Step 3: Creating a Sample DAG

Next, create a simple DAG in the dags directory to test your setup. This example will create a DAG that simply runs two dummy tasks.


# dags/example_dag.py
from airflow import DAG
from airflow.operators.dummy_operator import DummyOperator
from datetime import datetime

default_args = {
    'owner': 'airflow',
    'start_date': datetime(2023, 1, 1),
    'retries': 1,
}

with DAG('example_dag', default_args=default_args, schedule_interval='@daily') as dag:
    start = DummyOperator(task_id='start')
    end = DummyOperator(task_id='end')

    start >> end

Step 4: Running Docker Compose

With everything set up, you can now build and run your Airflow environment using Docker Compose.


docker-compose up --build

Step 5: Accessing the Airflow Web Interface

Once the services are up and running, you can access the Airflow web interface by navigating to http://localhost:8089 in your web browser. Log in with the credentials you specified in the airflow-init service (admin/admin).

Step 6: Modifying DAGs

You can freely modify your DAGs in the dags directory on your local machine. These changes will be automatically reflected in the running Airflow environment due to the volume mount configuration.

Step 7: Orchestrate a Neo4j Workflow

I created a quick neo4j workflow for some reference.


from airflow import DAG
from airflow.operators.python_operator import PythonOperator
from datetime import datetime
from neo4j import GraphDatabase
import os
from dotenv import load_dotenv

# Load environment variables from .env file
load_dotenv('/opt/airflow/.env')  # Path within the Docker container

# Define Neo4j connection details from environment variables
NEO4J_URL = os.getenv('NEO4J_URL')
NEO4J_USER = os.getenv('NEO4J_USER')
NEO4J_PASSWORD = os.getenv('NEO4J_PASSWORD')
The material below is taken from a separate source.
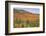 USA, New Hampshire, fall foliage-Alison Jones-Framed Photographic Print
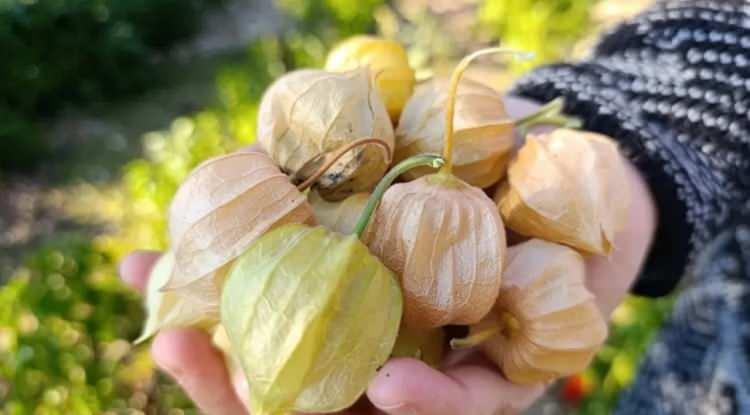 <p><span style="color:#B22222"><em><strong>Son yıllarda sağlıklı yaşamın olmazsa olmazları arasında g&ouml;sterilen egzotik bir meyve, her tanesinde şifa barındırıyor. Dışındaki incecik kağıdımsı kabuğun altında sağlık i&ccedil;in eşsiz etkiler taşıyan bu meyveyle tanışmaya hazır mısınız?</strong></em></span></p>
def read_query_file(filepath):
    with open(filepath, 'r') as file:
        query = file.read()
    return query

# Function for creating relationships between contributors and subjects
def make_contributor_to_subject_relationships():
    driver = GraphDatabase.driver(NEO4J_URL, auth=(NEO4J_USER, NEO4J_PASSWORD))
    cypher_query = read_query_file('/opt/airflow/sql/ctrbr_to_sbjt.cql')  # Path within the Docker container

    def execute_query(tx):
        result = tx.run(cypher_query)
        for record in result:
            print(record)

    with driver.session() as session:
        session.write_transaction(execute_query)
    driver.close()

default_args = {
    'owner': 'airflow',
    'start_date': datetime(2024, 8, 9),
    'retries': 1,
}

dag = DAG('neo4j_workflow', default_args=default_args, schedule_interval='@daily')

# Placeholder functions for future use
# def ingest_data():
#     sql_query = read_query_file('/opt/airflow/sql/ingest_data.sql')  # Path within the Docker container
#     # Execute your SQL query here using your database connection
#     print(sql_query)  # Replace this with actual query execution logic

# def transform_data():
#     sql_query = read_query_file('/opt/airflow/sql/transform_data.sql')  # Path within the Docker container
#     # Execute your SQL query here using your database connection
#     print(sql_query)  # Replace this with actual query execution logic

# Define the task for making contributor-to-subject relationships
t3 = PythonOperator(
    task_id='make_contributor_to_subject_relationships',
    python_callable=make_contributor_to_subject_relationships,
    dag=dag
)

# Define the DAG structure
t3

Reference Repository

For a complete example with all the necessary files, you can refer to the airflow-docker-example repository. Clone this repository to get started quickly.


git clone https://github.com/justin-napolitano/airflow-docker.git
cd airflow-docker
docker-compose up --build

Conclusion Running Apache Airflow with Docker simplifies the setup and allows you to develop and test your workflows efficiently.That said, I prefer gcp cloud run. I think provisioning a managed version in google could be worth it for a large organization.. but for my personal projects gcp is the way to go.